━━━ Data in this exercise ━━━

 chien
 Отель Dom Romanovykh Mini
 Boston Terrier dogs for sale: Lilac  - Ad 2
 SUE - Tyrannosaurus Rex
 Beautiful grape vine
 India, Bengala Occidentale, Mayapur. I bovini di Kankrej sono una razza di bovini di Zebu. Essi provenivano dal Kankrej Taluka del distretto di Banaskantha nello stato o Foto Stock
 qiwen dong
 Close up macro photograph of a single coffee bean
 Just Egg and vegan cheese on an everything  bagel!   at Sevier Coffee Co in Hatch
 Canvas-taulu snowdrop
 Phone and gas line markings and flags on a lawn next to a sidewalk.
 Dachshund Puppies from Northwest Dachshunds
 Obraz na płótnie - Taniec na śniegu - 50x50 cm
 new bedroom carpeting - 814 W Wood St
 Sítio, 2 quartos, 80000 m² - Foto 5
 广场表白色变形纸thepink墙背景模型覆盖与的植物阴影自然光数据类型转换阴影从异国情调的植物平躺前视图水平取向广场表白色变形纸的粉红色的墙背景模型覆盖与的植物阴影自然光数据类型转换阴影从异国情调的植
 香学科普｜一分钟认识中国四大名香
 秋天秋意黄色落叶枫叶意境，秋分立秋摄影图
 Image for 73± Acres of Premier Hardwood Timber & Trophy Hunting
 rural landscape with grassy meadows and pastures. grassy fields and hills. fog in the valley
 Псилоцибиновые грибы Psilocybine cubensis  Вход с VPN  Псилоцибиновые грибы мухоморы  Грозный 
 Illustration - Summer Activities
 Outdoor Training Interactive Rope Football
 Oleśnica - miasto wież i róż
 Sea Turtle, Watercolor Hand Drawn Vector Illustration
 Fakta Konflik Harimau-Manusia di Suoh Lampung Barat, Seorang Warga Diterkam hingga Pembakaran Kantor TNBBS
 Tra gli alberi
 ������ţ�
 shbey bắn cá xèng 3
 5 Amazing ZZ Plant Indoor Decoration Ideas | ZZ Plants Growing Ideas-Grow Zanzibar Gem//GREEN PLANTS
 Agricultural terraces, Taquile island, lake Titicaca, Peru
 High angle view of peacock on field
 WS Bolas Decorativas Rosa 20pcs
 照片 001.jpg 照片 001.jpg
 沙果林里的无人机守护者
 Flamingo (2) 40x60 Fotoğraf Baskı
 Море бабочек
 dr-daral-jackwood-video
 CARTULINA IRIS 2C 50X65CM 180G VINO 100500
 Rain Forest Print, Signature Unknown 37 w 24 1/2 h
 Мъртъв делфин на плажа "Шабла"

━━━

Repeat exactly, and only, the lines from the one containing "Canvas-taulu snowdrop" through the last line above.

• _Response to this task_
 Canvas-taulu snowdrop
 Phone and gas line markings and flags on a lawn next to a sidewalk.
 Dachshund Puppies from Northwest Dachshunds
 Obraz na płótnie - Taniec na śniegu - 50x50 cm
 new bedroom carpeting - 814 W Wood St
 Sítio, 2 quartos, 80000 m² - Foto 5
 广场表白色变形纸thepink墙背景模型覆盖与的植物阴影自然光数据类型转换阴影从异国情调的植物平躺前视图水平取向广场表白色变形纸的粉红色的墙背景模型覆盖与的植物阴影自然光数据类型转换阴影从异国情调的植
 香学科普｜一分钟认识中国四大名香
 秋天秋意黄色落叶枫叶意境，秋分立秋摄影图
 Image for 73± Acres of Premier Hardwood Timber & Trophy Hunting
 rural landscape with grassy meadows and pastures. grassy fields and hills. fog in the valley
 Псилоцибиновые грибы Psilocybine cubensis  Вход с VPN  Псилоцибиновые грибы мухоморы  Грозный 
 Illustration - Summer Activities
 Outdoor Training Interactive Rope Football
 Oleśnica - miasto wież i róż
 Sea Turtle, Watercolor Hand Drawn Vector Illustration
 Fakta Konflik Harimau-Manusia di Suoh Lampung Barat, Seorang Warga Diterkam hingga Pembakaran Kantor TNBBS
 Tra gli alberi
 ������ţ�
 shbey bắn cá xèng 3
 5 Amazing ZZ Plant Indoor Decoration Ideas | ZZ Plants Growing Ideas-Grow Zanzibar Gem//GREEN PLANTS
 Agricultural terraces, Taquile island, lake Titicaca, Peru
 High angle view of peacock on field
 WS Bolas Decorativas Rosa 20pcs
 照片 001.jpg 照片 001.jpg
 沙果林里的无人机守护者
 Flamingo (2) 40x60 Fotoğraf Baskı
 Море бабочек
 dr-daral-jackwood-video
 CARTULINA IRIS 2C 50X65CM 180G VINO 100500
 Rain Forest Print, Signature Unknown 37 w 24 1/2 h
 Мъртъв делфин на плажа "Шабла"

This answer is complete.